- [Description of the task]:
From first line to last, transcribe the listing exactly and skip any image.

- [Data shown]:
Segment Open

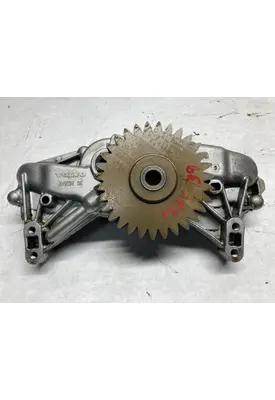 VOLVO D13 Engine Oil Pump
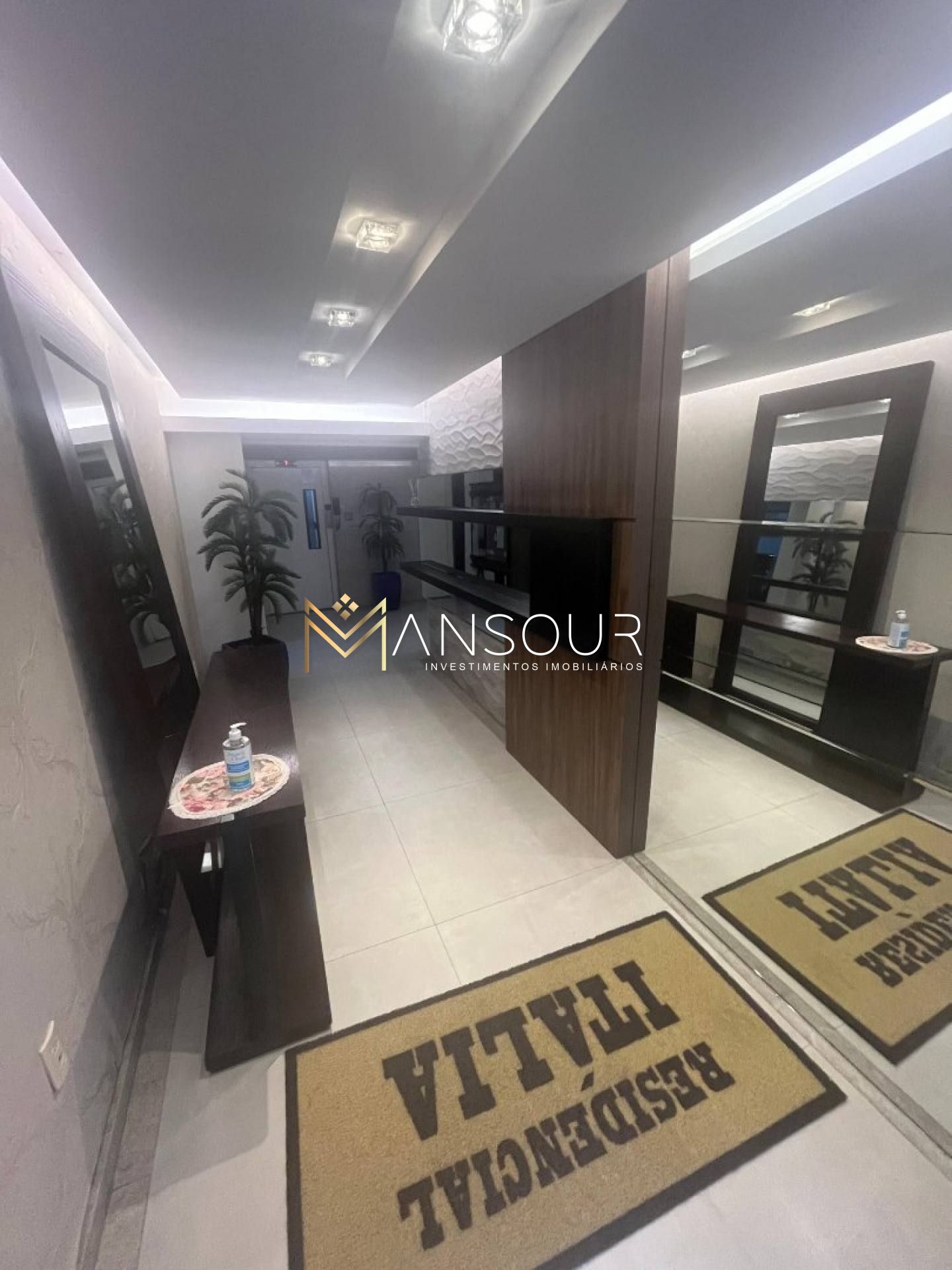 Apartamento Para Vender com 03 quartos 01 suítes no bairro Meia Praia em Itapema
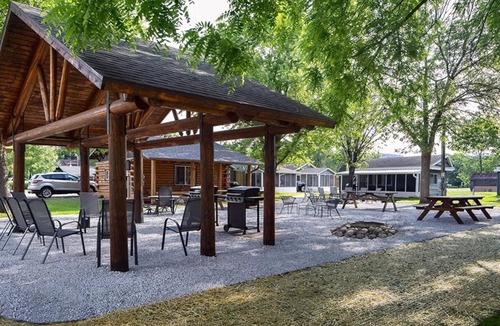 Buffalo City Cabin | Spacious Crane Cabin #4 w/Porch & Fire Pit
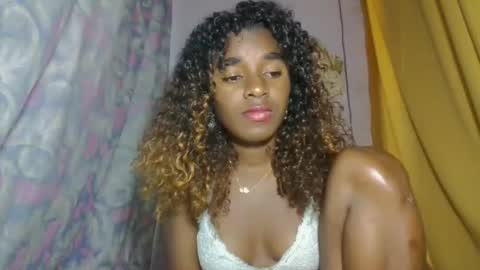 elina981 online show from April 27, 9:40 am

Segment Closed

- [Response area]:
 VOLVO D13 Engine Oil Pump
 Apartamento Para Vender com 03 quartos 01 suítes no bairro Meia Praia em Itapema
 Buffalo City Cabin | Spacious Crane Cabin #4 w/Porch & Fire Pit
 elina981 online show from April 27, 9:40 am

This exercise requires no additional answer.